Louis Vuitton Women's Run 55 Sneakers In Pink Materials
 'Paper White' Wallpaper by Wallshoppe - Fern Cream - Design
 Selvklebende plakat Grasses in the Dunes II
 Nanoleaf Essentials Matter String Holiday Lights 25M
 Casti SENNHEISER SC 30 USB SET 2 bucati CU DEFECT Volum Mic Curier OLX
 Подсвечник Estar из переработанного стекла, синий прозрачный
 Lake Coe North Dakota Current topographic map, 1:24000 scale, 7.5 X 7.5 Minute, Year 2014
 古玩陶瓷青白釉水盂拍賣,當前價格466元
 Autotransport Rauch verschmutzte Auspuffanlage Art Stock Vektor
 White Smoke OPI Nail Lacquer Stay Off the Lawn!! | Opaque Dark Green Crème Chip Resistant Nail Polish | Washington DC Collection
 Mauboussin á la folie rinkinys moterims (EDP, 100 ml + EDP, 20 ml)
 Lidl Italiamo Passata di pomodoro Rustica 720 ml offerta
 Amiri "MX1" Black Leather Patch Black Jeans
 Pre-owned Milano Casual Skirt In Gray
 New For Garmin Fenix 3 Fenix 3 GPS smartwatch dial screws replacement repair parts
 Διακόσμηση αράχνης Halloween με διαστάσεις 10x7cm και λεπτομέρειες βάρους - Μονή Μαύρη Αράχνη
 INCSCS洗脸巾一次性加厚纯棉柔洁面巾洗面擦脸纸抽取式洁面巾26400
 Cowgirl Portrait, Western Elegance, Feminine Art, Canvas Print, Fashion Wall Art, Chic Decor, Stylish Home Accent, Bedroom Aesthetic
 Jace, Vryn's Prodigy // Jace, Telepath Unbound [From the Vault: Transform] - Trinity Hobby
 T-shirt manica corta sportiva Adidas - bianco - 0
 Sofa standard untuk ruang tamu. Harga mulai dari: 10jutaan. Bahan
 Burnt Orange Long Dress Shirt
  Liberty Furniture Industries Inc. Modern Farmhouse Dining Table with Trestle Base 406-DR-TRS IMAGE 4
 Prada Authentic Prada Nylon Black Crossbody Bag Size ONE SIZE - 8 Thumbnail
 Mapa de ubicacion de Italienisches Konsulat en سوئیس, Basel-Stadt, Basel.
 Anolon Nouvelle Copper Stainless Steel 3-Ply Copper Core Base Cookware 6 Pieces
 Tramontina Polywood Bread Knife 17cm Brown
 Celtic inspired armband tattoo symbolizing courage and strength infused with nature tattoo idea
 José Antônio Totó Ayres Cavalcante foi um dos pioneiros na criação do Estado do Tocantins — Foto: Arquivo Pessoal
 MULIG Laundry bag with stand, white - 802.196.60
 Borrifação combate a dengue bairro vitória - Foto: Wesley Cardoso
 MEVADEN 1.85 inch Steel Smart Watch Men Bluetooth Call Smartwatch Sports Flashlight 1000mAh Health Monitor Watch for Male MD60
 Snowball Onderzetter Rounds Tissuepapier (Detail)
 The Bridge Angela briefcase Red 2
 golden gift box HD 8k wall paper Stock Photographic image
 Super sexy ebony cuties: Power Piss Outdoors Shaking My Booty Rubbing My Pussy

* * *

How to complete this task:
In full and without error, transcribe each of the entries.

Problem solution:
Louis Vuitton Women's Run 55 Sneakers In Pink Materials
 'Paper White' Wallpaper by Wallshoppe - Fern Cream - Design
 Selvklebende plakat Grasses in the Dunes II
 Nanoleaf Essentials Matter String Holiday Lights 25M
 Casti SENNHEISER SC 30 USB SET 2 bucati CU DEFECT Volum Mic Curier OLX
 Подсвечник Estar из переработанного стекла, синий прозрачный
 Lake Coe North Dakota Current topographic map, 1:24000 scale, 7.5 X 7.5 Minute, Year 2014
 古玩陶瓷青白釉水盂拍賣,當前價格466元
 Autotransport Rauch verschmutzte Auspuffanlage Art Stock Vektor
 White Smoke OPI Nail Lacquer Stay Off the Lawn!! | Opaque Dark Green Crème Chip Resistant Nail Polish | Washington DC Collection
 Mauboussin á la folie rinkinys moterims (EDP, 100 ml + EDP, 20 ml)
 Lidl Italiamo Passata di pomodoro Rustica 720 ml offerta
 Amiri "MX1" Black Leather Patch Black Jeans
 Pre-owned Milano Casual Skirt In Gray
 New For Garmin Fenix 3 Fenix 3 GPS smartwatch dial screws replacement repair parts
 Διακόσμηση αράχνης Halloween με διαστάσεις 10x7cm και λεπτομέρειες βάρους - Μονή Μαύρη Αράχνη
 INCSCS洗脸巾一次性加厚纯棉柔洁面巾洗面擦脸纸抽取式洁面巾26400
 Cowgirl Portrait, Western Elegance, Feminine Art, Canvas Print, Fashion Wall Art, Chic Decor, Stylish Home Accent, Bedroom Aesthetic
 Jace, Vryn's Prodigy // Jace, Telepath Unbound [From the Vault: Transform] - Trinity Hobby
 T-shirt manica corta sportiva Adidas - bianco - 0
 Sofa standard untuk ruang tamu. Harga mulai dari: 10jutaan. Bahan
 Burnt Orange Long Dress Shirt
  Liberty Furniture Industries Inc. Modern Farmhouse Dining Table with Trestle Base 406-DR-TRS IMAGE 4
 Prada Authentic Prada Nylon Black Crossbody Bag Size ONE SIZE - 8 Thumbnail
 Mapa de ubicacion de Italienisches Konsulat en سوئیس, Basel-Stadt, Basel.
 Anolon Nouvelle Copper Stainless Steel 3-Ply Copper Core Base Cookware 6 Pieces
 Tramontina Polywood Bread Knife 17cm Brown
 Celtic inspired armband tattoo symbolizing courage and strength infused with nature tattoo idea
 José Antônio Totó Ayres Cavalcante foi um dos pioneiros na criação do Estado do Tocantins — Foto: Arquivo Pessoal
 MULIG Laundry bag with stand, white - 802.196.60
 Borrifação combate a dengue bairro vitória - Foto: Wesley Cardoso
 MEVADEN 1.85 inch Steel Smart Watch Men Bluetooth Call Smartwatch Sports Flashlight 1000mAh Health Monitor Watch for Male MD60
 Snowball Onderzetter Rounds Tissuepapier (Detail)
 The Bridge Angela briefcase Red 2
 golden gift box HD 8k wall paper Stock Photographic image
 Super sexy ebony cuties: Power Piss Outdoors Shaking My Booty Rubbing My Pussy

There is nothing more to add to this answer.